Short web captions
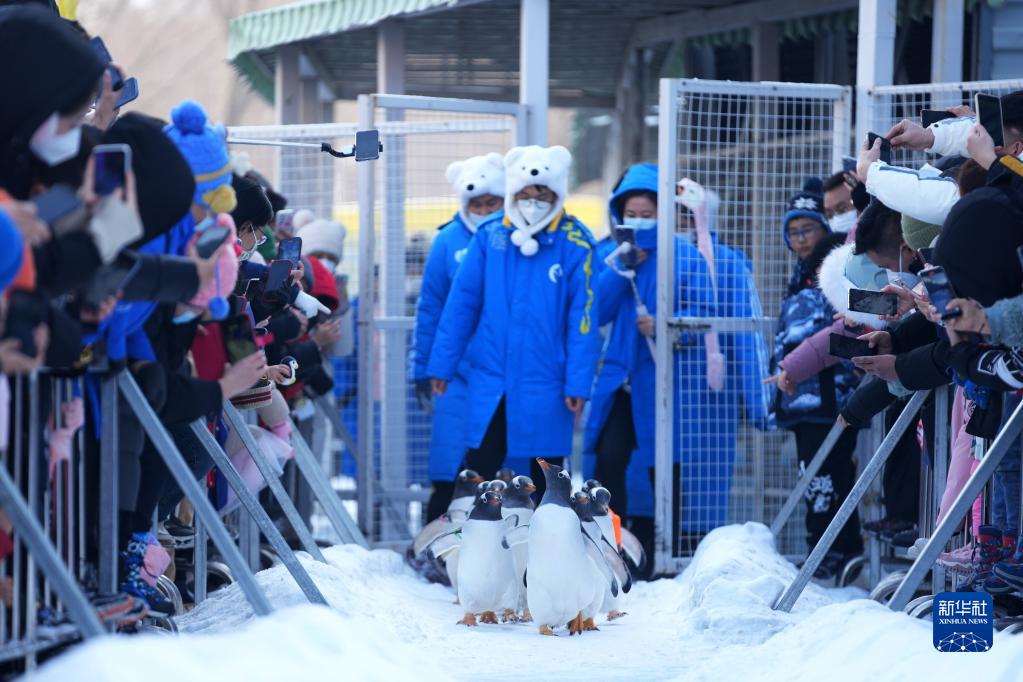 　　在精心组织实施空间站应用与发展阶段各项任务的同时，瞄准2030年前实现中国人首次登陆月球的目标，2024年载人月球探测工程登月阶段任务各项研制建设工作也将加紧推进。目前，长征十号运载火箭、梦舟载人飞船、揽月月面着陆器、登月服等主要飞行产品全面进入初样研制阶段，文昌发射场配套登月任务的各项测试发射设施设备也将全面启动建设，各系统相关研制建设工作正在按计划推进。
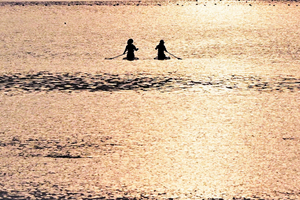  == 株式会社伝書鳩｜経済の伝書鳩｜北見・網走・オホーツクのフリーペーパー ==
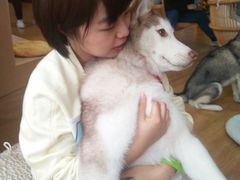 -Husky Go! 哈士奇体验馆·宠物咖啡厅狗咖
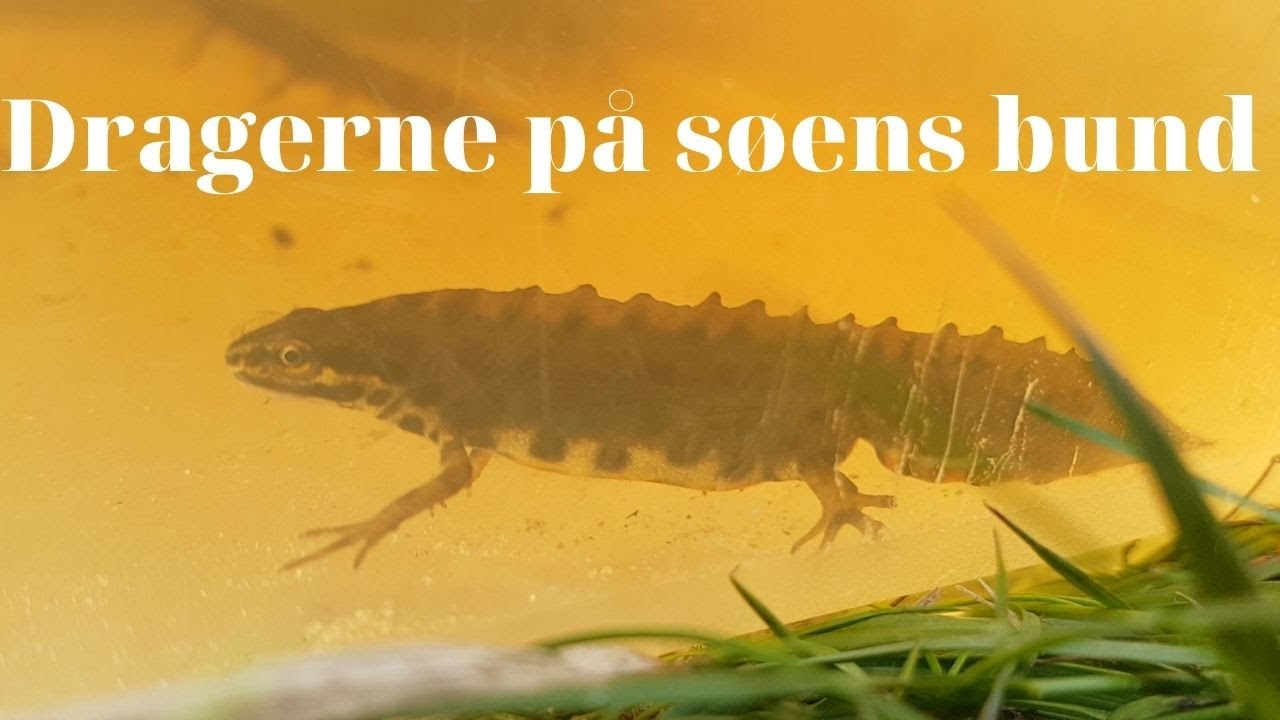 NaturNørd 306. De danske drager findes på søens bund!!!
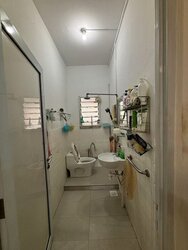 Mount Sinai (D10), Terrace #456398981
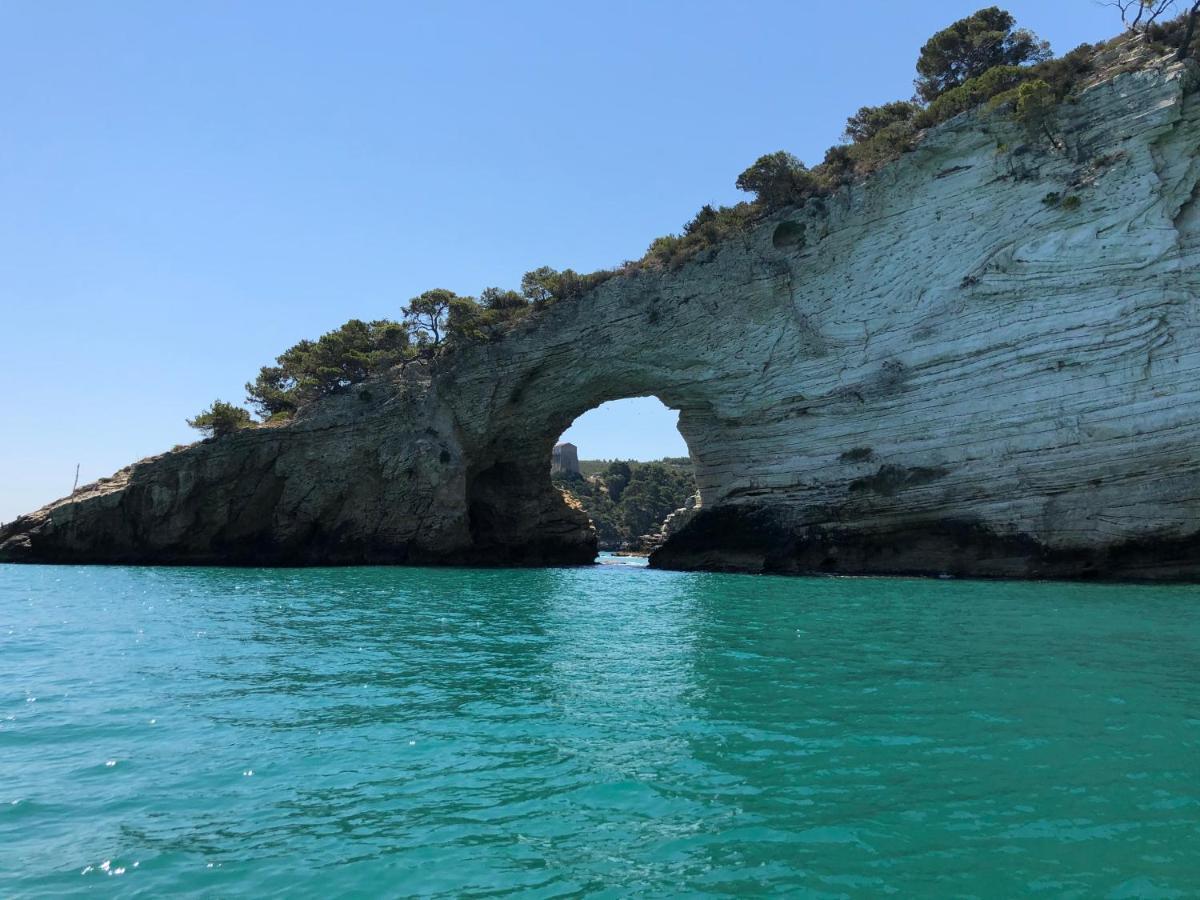 Apartmán La Casaruccia Vieste Exteriér fotografie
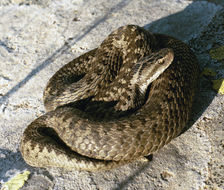 Image of Darevsky's Viper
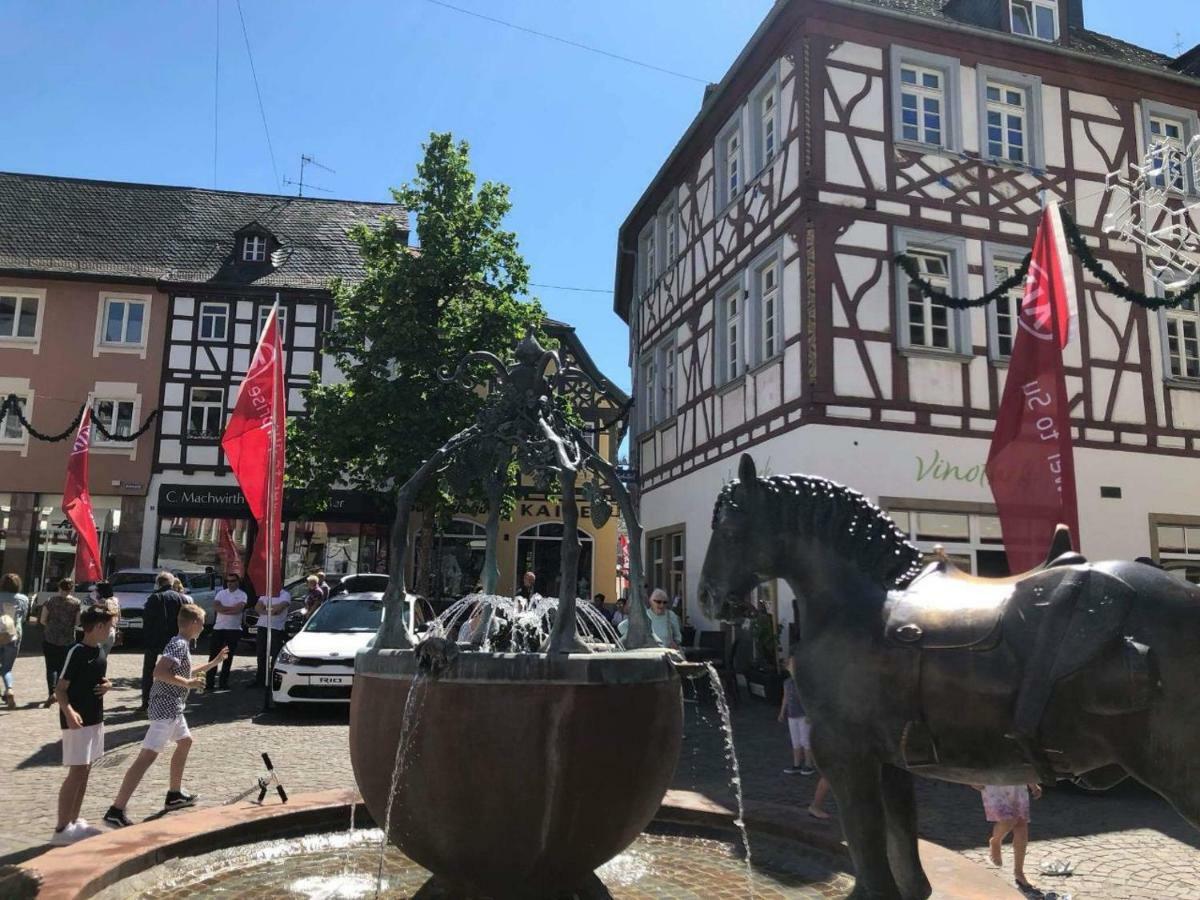 Monteurwohnung Ha-Wei -90 M2 Hangen-Weisheim Bagian luar foto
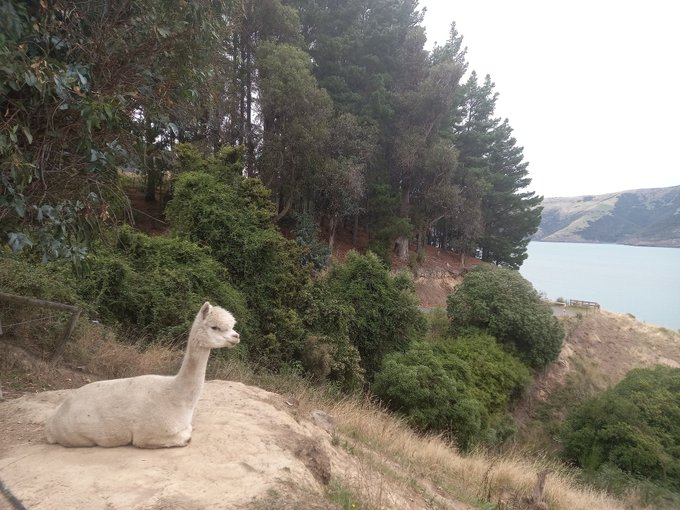 Travel Bugs World ✈️🐞🌎 tweet media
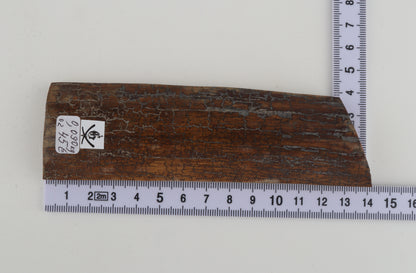Brown-caramel mammoth bark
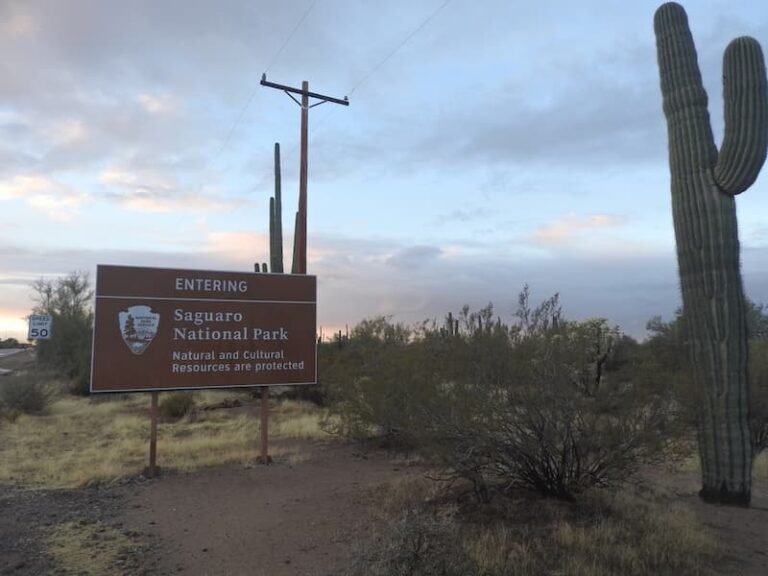 Saguaro National Park (Tucson, AZ)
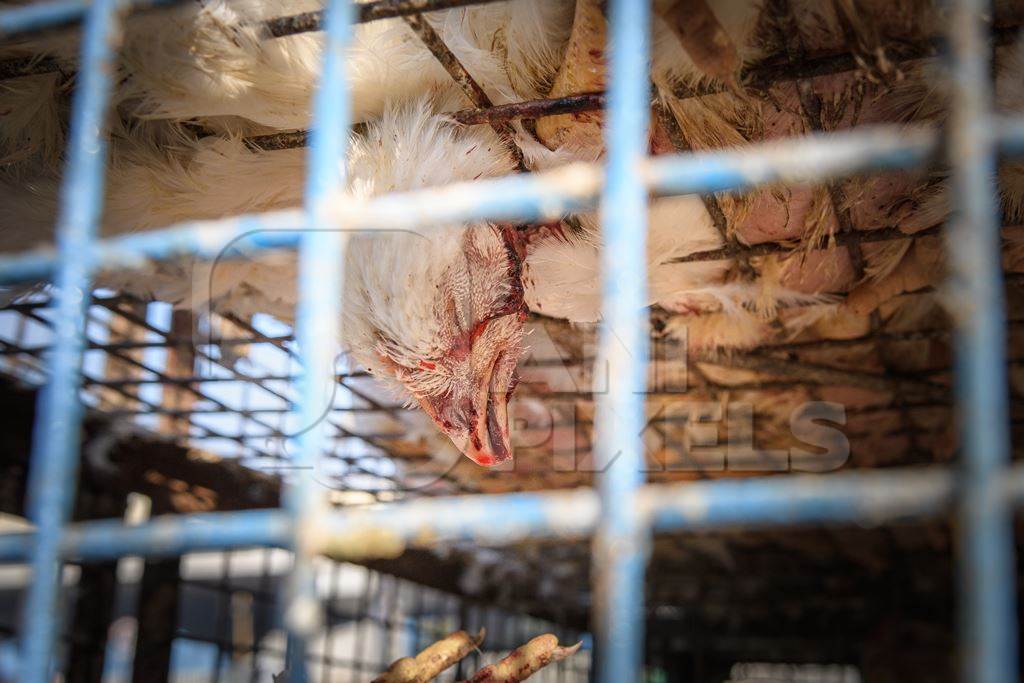 Dead Indian broiler chicken bleeding in a cage at Ghazipur murga mandi, Ghazipur, Delhi, India, 2022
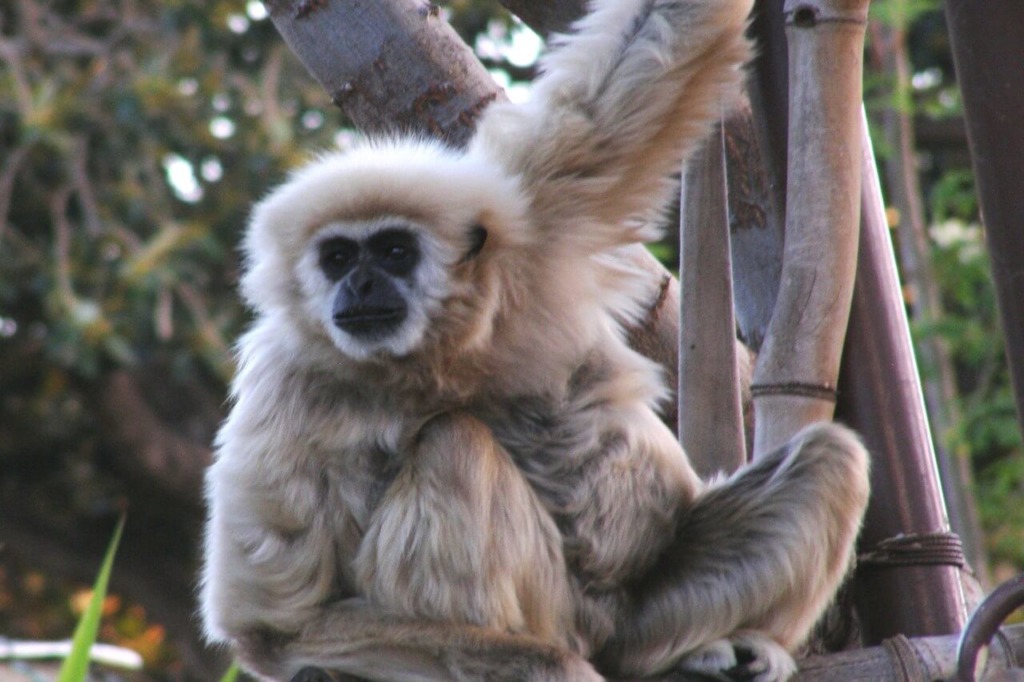White Handed Gibbon Honolulu Zoo Society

_EXERCISE_:
Copy only this, please: the line with "Dead Indian broiler" and every line after it through the end of the data, with no pictures.

_ANSWER TO THIS PROBLEM_:
 Dead Indian broiler chicken bleeding in a cage at Ghazipur murga mandi, Ghazipur, Delhi, India, 2022
White Handed Gibbon Honolulu Zoo Society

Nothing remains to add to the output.